O que as tragédias de Sófocles   abrigam e podem nos revelar não é tanto a “essência” desse local no sentido do que ele é, mas o próprio local em sua prevalência e ocorrência, em seu acontecimento e desdobramento mundanos. Em outras palavras, as tragédias abrigam, não a “essência” da habitação no sentido filosófico-aristotélico de Wesen (do to ti en einai), mas no sentido verbal de Wesen como o “acontecimento essencial” ou a autoexibição e autoconhecimento duradouros de algo. [GA5  ] No entanto, este último é revelado — se é que chega a ser revelado — não como um fundamento já existente, mas de forma histórica, ou, como Heidegger também diria, de forma destinal e epocal; e esse desvelamento ocorre, se e quando ocorre, não em um logos descritivo que contempla (theorein) aquilo que é em sua forma permanente (eidos), mas poeticamente, em um contar e dizer que é poético e que, em seu próprio acontecimento, não apenas revela, mas encena e, assim, realiza a “morada poética” (para usar a palavra de Hölderlin  ) dos seres humanos nesta Terra. [1] Dizer que ela realiza e concretiza a habitação humana significa que a narração poética das tragédias de Sófocles   é, em si, uma práxis ou “ação” originária. Essa narração, segundo a leitura de Heidegger, não apenas “retrata”, “representa” ou “figura” a ação humana. A “Carta sobre o ‘Humanismo’” de fato começa convidando-nos a repensar a essência da ação ou práxis: agir, indica Heidegger, não significa causar ou produzir um efeito; ao contrário, “a essência da ação é a realização”. Realizar, vollbringen, significa desdobrar algo na plenitude de sua “essência”, levá-lo ao seu pleno desdobramento. Mas se for assim, então só podemos levar ao seu pleno desenvolvimento aquilo que, de alguma forma, já “é”:

Mas o que “é” acima de tudo é o Ser. O pensamento realiza [vollbringt] a relação do Ser com a essência do ser humano. Ele não cria ou causa a relação. O pensamento traz essa relação ao Ser apenas como algo entregue ao próprio pensamento pelo Ser. Essa oferta consiste no fato de que, ao pensar, o Ser chega à linguagem. A linguagem é a casa do Ser. Em sua casa habitam os seres humanos. Os pensadores e poetas são os guardiões dessa casa. (GA9  :W, 145)
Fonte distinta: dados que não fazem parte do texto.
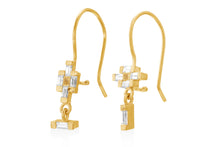 Load image into Gallery viewer, Drop Earrings baguette Diamonds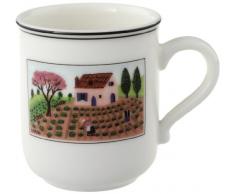 Villeroy & Boch Design Naif Kaffeebecher Gärtner, 300 ml, Höhe: 9,1 cm, Premium Porzellan, Bunt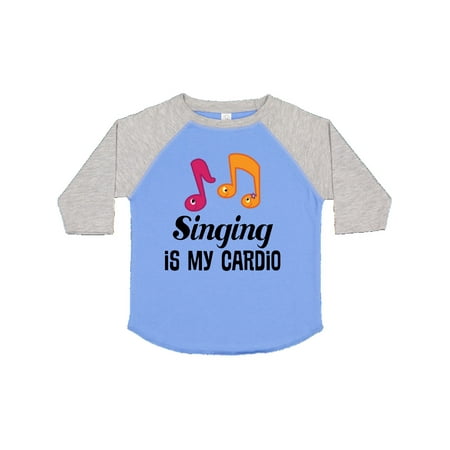 

Inktastic Singing is my Cardio Choir Music Gift Toddler Toddler Girl T-Shirt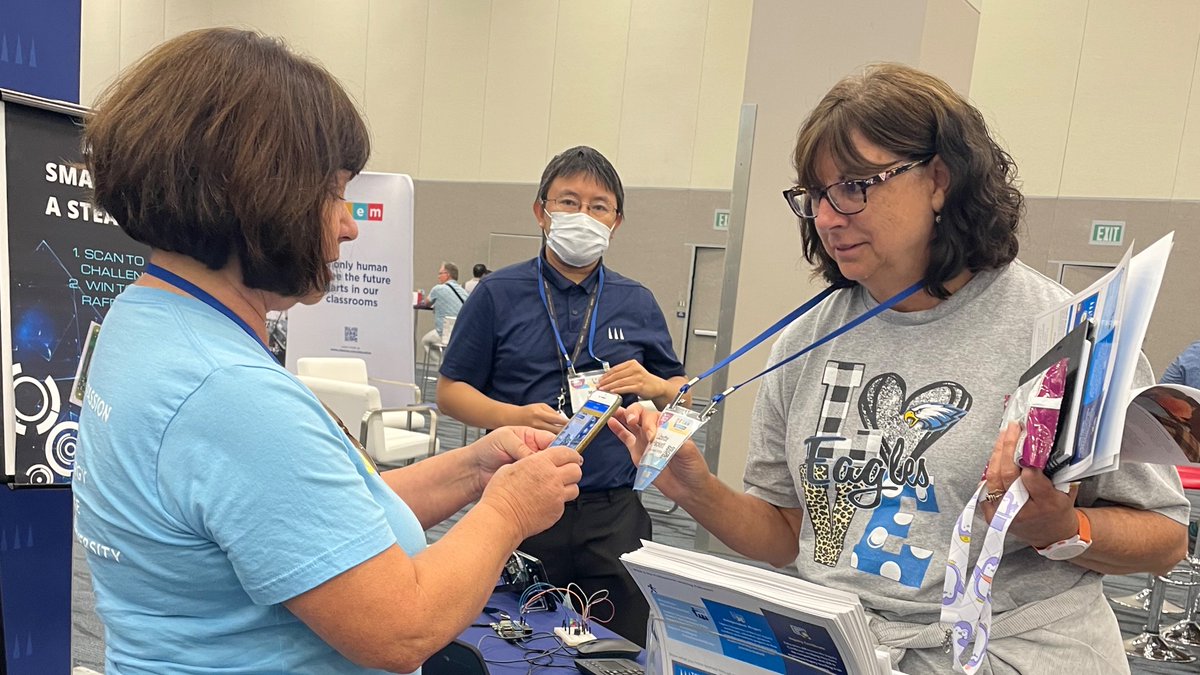 TGRFound's tweet photo. This weekend we joined the CA STEAM Symposium to share our free education programs and resources to support students across the state and beyond.

We’re excited to continue collaborating with educators and partners to empower youth through education. #ChampionsForYouth #CASTEAM22 https://t.co/Vwcu1wcmo3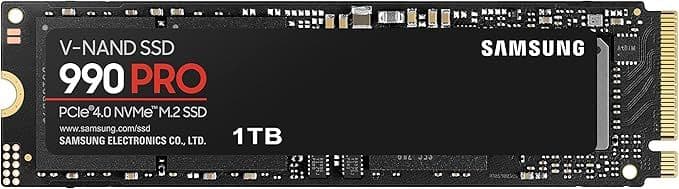 [NVMe M.2 2280 SSD] Samsung 990 PRO 1TB PCIe 4.0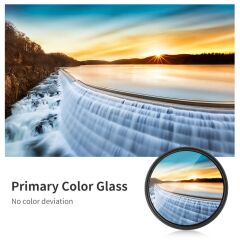 K&F Concept 37mm B-SERIES ND2-ND400 (1 ile 9 Stop) ND Filtre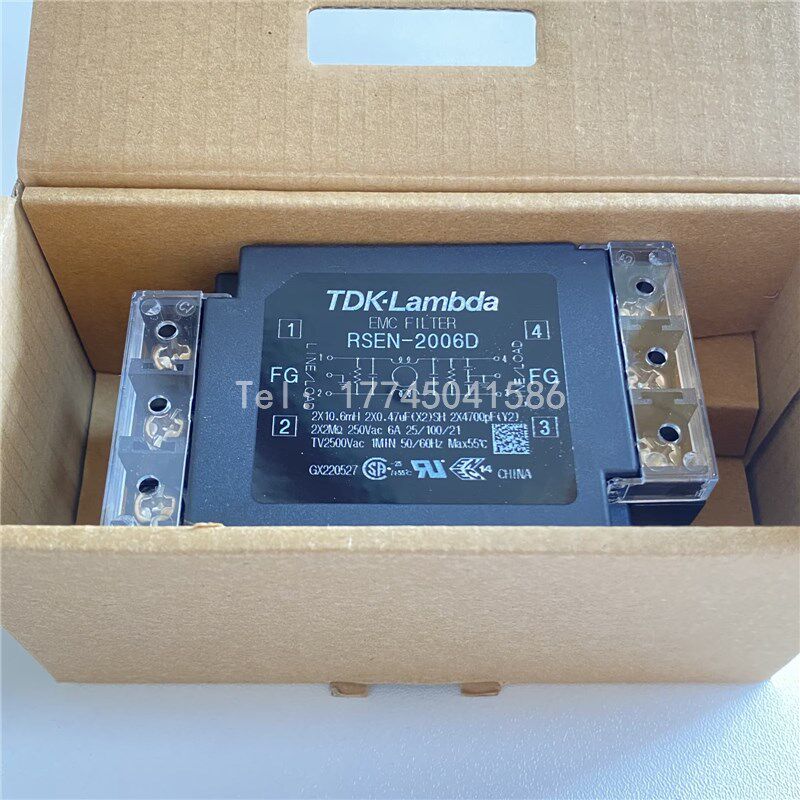 RSEN-2006D日本TDK-Lambda原厂电源滤波器单相6A250VDIN导轨新
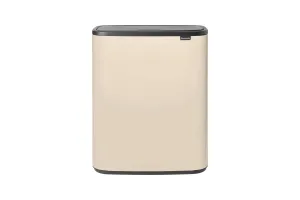 Brabantia Bo Touch Bin Prullenbak - 60 liter - Soft Beige Brabantia Bo Touch Bin Prullenbak - 60 liter - Soft Beige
O dizer poético das tragédias de Sófocles  , portanto, realiza o Ser dos seres humanos como moradia. Ele o faz ao encenar cuidadosamente, ou seja, ao trazer à plena revelação, o desdobramento de tal habitação em seu próprio tempo e situação. Os pensadores e poetas, prossegue Heidegger, “guardam” ou cuidam da propriedade da habitação humana ao realizar a manifestação do Ser, ao levar essa manifestação a seu pleno desdobramento, e isso ocorre como seu dizer e contar do Ser. Quando esse relato acontece, o Ser em si vem à tona e é “preservado” na linguagem. [2] Os seres humanos se manifestam em sua relação com o Ser, ou seja, na maneira como habitam em meio aos entes como um todo.


Ver online : William McNeill


MCNEILL, William. The Time of Life. Heidegger and Ethos. New York: State University of New York Press, 2006


[1Nas observações a seguir, o termo poético deve ser tomado no sentido amplo do grego poiesis ou do alemão Dichtung. Não significa que devemos nos preocupar principalmente com “poesia” no sentido restrito e, portanto, talvez seja melhor traduzi-lo como “poiético”.

[2“Ser em si” aqui significa Ser em seu acontecimento; pois tal preservação em si acontece somente quando tal relato acontece, e o evento da linguagem é, como ação originária, sempre finito, isto é, singular e único. Sobre “preservação” (Bewahrung), ver “The Origin of the Work of Art” (1936).